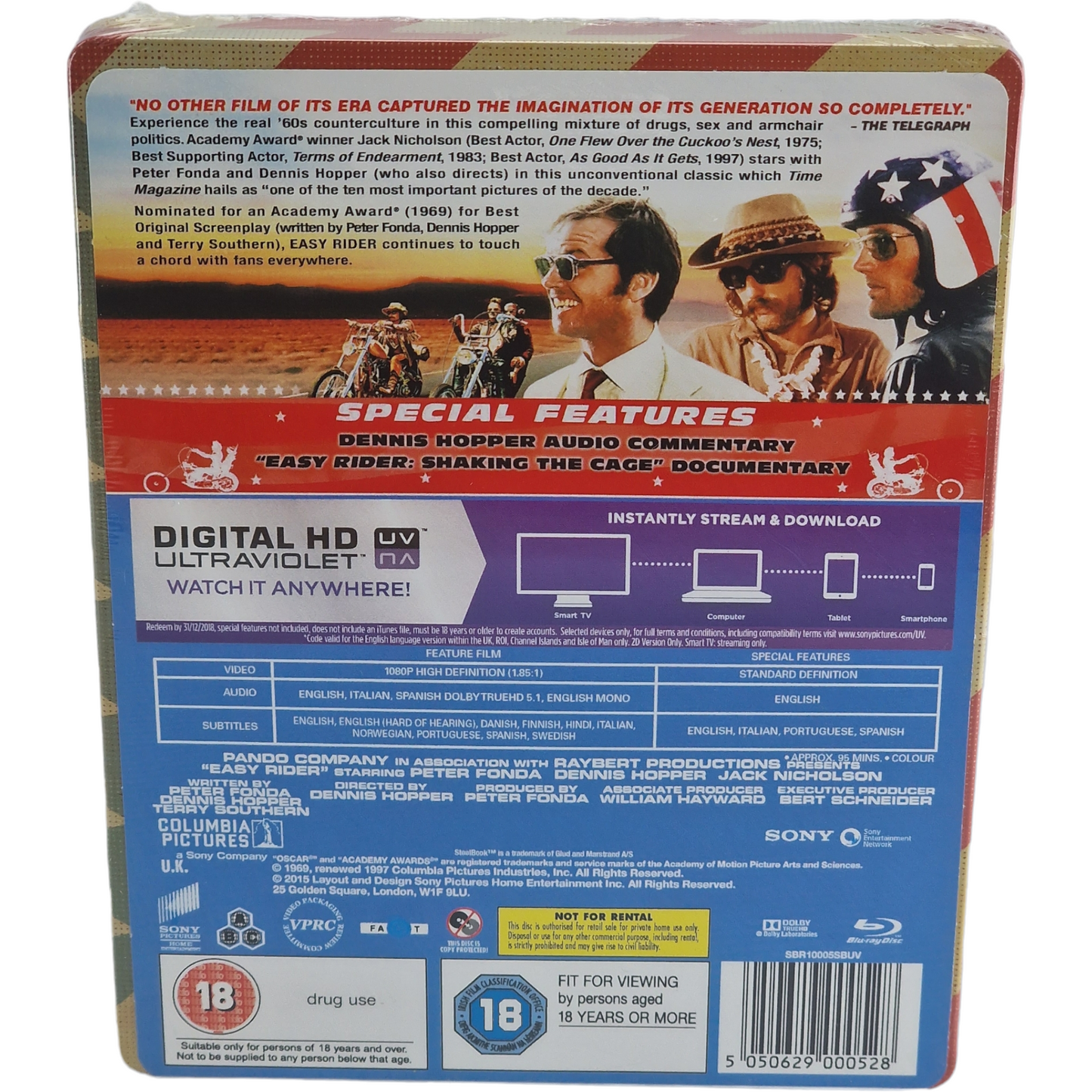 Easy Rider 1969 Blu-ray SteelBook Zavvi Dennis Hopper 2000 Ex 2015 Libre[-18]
#####
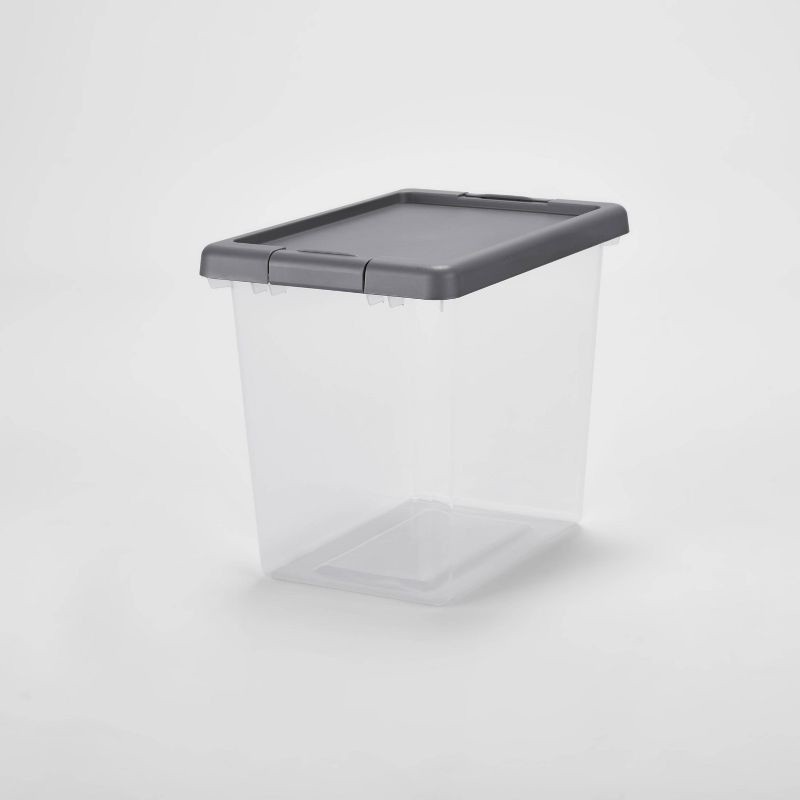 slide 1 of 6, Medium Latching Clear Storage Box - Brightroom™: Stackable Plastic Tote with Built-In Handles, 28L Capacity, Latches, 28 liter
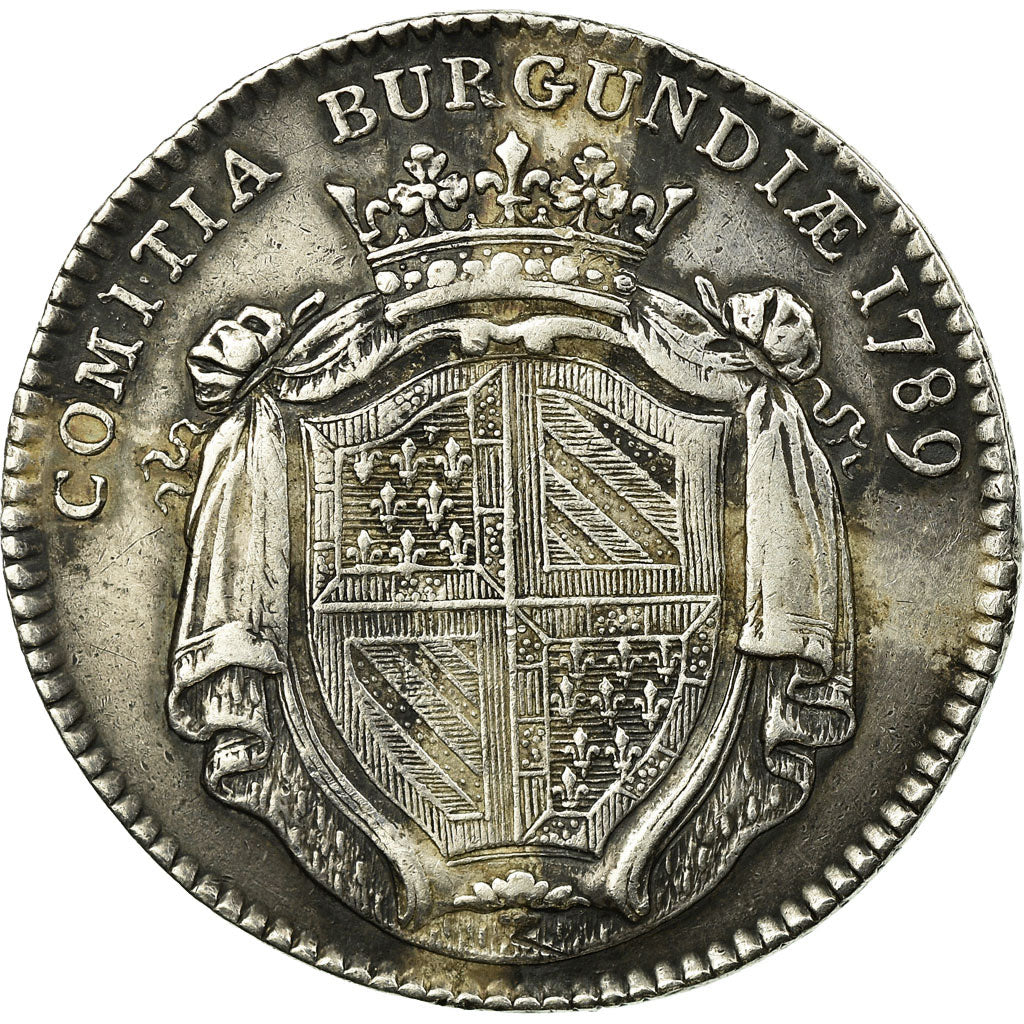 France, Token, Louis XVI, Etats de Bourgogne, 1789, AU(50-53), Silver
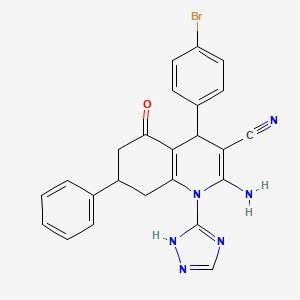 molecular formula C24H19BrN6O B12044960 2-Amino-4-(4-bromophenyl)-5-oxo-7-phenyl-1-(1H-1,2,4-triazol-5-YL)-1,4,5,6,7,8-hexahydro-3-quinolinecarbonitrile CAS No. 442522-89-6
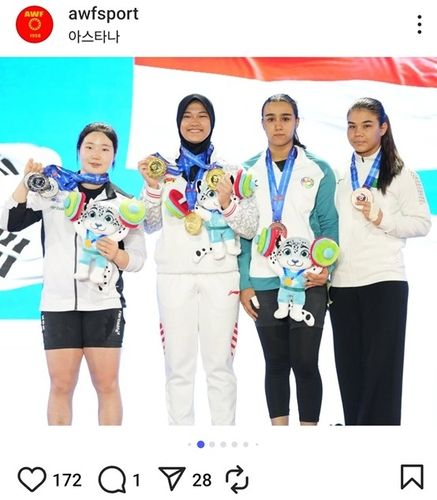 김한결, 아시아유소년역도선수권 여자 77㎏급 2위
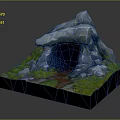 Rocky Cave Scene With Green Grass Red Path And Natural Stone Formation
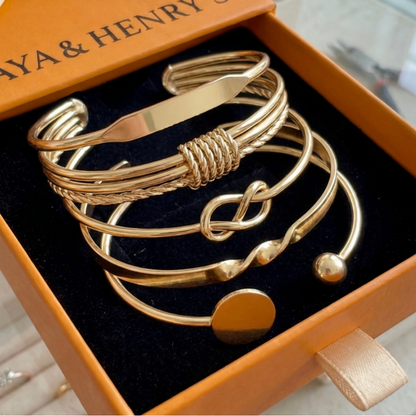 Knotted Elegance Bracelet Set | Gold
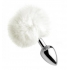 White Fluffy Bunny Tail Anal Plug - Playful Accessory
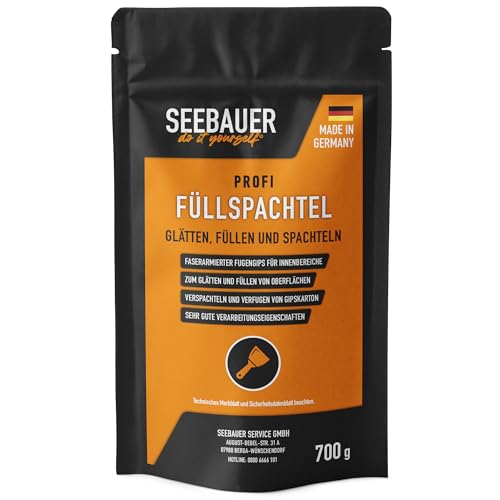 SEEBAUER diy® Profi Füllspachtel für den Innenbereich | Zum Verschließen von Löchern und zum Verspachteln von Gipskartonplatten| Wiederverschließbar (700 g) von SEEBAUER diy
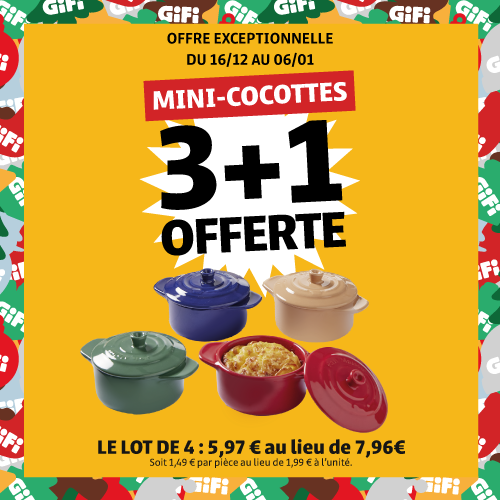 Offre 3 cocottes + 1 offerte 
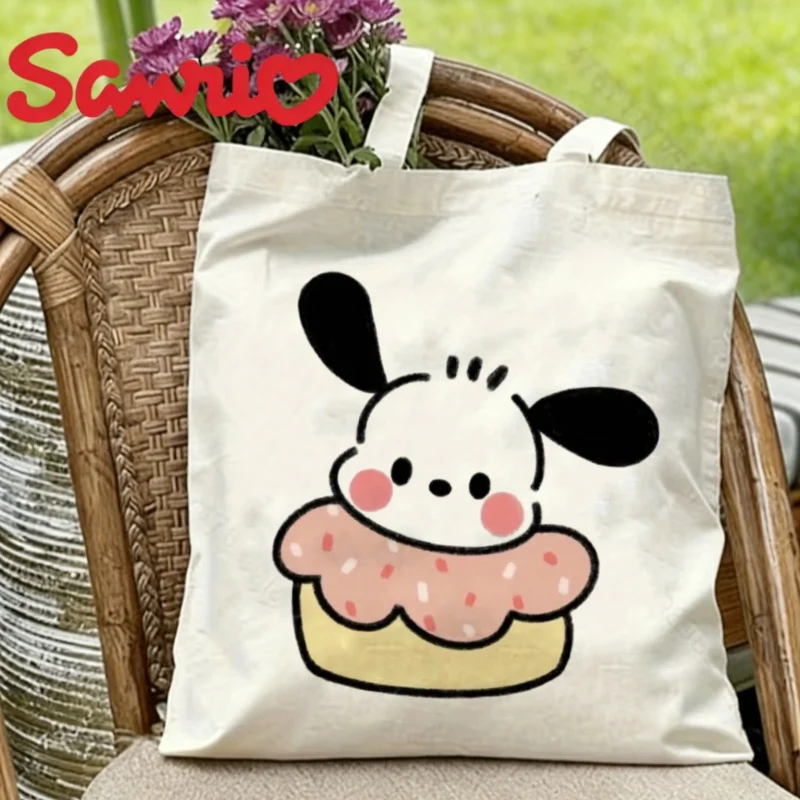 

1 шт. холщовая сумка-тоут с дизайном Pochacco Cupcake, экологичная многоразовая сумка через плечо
#####
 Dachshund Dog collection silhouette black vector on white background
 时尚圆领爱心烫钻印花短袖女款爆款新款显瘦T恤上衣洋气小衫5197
#####
The problem: Extract from the listing above the lines between the line containing "Dachshund Dog collection" and the line containing "时尚圆领爱心烫钻印花短袖女款爆款新款显瘦T恤上衣洋气小衫5197", keeping both of those lines. Output nothing else.

Solution to this exercise:
 Dachshund Dog collection silhouette black vector on white background
 时尚圆领爱心烫钻印花短袖女款爆款新款显瘦T恤上衣洋气小衫5197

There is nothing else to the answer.